--- Records for this exercise ---
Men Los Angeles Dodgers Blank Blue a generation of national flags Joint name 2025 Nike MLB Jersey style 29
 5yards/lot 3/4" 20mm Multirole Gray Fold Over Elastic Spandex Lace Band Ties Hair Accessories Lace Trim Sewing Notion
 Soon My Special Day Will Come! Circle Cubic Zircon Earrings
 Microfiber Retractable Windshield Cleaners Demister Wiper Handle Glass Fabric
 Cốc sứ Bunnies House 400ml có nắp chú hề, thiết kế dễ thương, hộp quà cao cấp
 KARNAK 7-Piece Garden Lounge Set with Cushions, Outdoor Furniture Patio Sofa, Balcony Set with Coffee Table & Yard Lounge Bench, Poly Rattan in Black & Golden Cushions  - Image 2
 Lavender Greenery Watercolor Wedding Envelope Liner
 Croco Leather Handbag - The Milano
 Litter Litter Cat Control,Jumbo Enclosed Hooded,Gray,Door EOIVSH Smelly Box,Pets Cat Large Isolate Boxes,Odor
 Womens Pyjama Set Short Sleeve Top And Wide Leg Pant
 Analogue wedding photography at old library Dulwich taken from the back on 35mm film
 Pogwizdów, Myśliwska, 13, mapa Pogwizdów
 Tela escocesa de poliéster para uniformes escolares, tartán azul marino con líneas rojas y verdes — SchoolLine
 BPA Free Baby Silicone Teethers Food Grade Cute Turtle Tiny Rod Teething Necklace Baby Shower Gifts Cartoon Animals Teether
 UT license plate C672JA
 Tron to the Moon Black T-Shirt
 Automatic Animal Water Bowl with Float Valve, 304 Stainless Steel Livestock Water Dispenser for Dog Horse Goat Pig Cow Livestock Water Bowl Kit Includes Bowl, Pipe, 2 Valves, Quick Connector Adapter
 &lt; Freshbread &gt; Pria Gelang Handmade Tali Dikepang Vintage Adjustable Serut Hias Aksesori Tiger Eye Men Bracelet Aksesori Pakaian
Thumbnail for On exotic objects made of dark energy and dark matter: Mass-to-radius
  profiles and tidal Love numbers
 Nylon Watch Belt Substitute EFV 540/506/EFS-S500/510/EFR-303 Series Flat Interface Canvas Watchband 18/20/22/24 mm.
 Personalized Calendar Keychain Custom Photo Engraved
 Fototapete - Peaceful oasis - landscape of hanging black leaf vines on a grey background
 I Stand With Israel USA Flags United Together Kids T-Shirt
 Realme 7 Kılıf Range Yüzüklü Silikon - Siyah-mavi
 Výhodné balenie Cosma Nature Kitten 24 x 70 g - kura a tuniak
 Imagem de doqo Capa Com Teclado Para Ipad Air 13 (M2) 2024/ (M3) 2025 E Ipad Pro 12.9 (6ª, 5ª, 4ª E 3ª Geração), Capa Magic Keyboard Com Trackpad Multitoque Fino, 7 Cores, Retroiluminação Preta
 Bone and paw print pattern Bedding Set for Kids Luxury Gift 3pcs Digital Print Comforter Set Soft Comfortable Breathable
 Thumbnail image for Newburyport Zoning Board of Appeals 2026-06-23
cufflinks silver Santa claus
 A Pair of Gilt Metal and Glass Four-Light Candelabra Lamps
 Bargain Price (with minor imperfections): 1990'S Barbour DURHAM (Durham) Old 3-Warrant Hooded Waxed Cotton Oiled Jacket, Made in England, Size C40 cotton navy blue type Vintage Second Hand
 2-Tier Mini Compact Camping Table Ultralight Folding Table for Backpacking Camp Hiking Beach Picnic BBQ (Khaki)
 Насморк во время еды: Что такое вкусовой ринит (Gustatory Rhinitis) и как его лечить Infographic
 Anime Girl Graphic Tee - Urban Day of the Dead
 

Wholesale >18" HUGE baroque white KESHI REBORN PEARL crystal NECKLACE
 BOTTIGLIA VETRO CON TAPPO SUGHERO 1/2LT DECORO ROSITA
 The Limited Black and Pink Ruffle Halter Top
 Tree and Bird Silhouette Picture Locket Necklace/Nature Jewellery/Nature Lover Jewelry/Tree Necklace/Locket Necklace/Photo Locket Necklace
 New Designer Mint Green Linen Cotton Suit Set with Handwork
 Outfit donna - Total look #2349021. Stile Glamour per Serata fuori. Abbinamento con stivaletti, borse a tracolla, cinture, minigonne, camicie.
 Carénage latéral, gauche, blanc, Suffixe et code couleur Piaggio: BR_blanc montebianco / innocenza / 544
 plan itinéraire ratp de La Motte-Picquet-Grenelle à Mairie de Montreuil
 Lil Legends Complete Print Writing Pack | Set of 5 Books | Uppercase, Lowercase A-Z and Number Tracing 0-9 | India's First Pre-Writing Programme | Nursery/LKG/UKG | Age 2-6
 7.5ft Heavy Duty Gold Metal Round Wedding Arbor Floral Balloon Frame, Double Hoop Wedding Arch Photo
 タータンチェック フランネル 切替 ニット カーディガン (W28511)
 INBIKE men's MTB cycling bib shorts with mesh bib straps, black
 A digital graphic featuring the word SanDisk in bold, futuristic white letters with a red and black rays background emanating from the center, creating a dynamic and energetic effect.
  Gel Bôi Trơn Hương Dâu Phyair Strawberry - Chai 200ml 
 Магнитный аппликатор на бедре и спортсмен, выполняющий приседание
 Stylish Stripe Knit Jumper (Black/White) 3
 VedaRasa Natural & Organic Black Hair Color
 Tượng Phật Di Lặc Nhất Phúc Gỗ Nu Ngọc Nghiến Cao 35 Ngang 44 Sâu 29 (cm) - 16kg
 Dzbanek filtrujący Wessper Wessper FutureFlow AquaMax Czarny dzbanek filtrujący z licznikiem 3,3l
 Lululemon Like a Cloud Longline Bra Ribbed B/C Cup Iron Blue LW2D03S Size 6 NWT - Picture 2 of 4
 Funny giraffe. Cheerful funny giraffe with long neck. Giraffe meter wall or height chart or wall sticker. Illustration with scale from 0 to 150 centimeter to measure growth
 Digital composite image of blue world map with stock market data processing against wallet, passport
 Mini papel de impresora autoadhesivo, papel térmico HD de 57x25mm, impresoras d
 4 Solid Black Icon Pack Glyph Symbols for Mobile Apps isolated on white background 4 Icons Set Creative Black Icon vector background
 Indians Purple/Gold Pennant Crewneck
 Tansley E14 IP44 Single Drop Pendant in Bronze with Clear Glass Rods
---
● Task to complete
Using the records above, report the count of lines holding "background" and nothing else.

● Response to this task
3